| Exercise details |
If a line in the records below contains the word "Vintage", copy it.

| Available data |
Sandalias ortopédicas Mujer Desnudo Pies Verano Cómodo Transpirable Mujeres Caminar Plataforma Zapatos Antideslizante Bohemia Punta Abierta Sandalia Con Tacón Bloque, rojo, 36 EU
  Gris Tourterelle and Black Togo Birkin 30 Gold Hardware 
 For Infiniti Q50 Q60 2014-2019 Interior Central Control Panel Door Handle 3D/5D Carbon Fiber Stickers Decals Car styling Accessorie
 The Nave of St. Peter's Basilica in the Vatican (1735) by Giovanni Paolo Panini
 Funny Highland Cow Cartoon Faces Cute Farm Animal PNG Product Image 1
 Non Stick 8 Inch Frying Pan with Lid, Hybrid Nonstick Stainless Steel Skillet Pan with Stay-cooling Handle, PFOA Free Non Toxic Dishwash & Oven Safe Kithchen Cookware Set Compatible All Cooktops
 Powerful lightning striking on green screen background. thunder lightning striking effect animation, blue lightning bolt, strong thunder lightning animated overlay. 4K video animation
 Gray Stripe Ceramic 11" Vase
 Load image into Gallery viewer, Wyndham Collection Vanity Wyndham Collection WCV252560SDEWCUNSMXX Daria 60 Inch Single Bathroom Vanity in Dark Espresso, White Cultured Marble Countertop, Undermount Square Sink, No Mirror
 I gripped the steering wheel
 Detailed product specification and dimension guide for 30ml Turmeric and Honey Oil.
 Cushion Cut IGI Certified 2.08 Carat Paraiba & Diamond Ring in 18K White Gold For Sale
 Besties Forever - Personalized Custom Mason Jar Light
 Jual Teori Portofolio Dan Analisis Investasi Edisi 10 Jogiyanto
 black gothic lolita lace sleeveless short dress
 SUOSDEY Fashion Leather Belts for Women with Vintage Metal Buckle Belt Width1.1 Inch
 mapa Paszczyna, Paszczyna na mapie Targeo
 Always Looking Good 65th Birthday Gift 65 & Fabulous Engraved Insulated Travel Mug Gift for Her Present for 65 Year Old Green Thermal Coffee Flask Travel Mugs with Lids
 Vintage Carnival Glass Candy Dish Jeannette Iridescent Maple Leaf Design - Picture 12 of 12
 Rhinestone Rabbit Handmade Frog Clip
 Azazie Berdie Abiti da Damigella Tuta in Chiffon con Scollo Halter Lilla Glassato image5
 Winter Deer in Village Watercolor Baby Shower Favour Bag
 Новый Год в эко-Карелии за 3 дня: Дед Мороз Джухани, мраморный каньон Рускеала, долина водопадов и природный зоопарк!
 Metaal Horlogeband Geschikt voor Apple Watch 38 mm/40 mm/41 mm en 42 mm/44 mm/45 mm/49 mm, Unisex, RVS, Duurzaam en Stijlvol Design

| Expected output |
 SUOSDEY Fashion Leather Belts for Women with Vintage Metal Buckle Belt Width1.1 Inch
 Vintage Carnival Glass Candy Dish Jeannette Iridescent Maple Leaf Design - Picture 12 of 12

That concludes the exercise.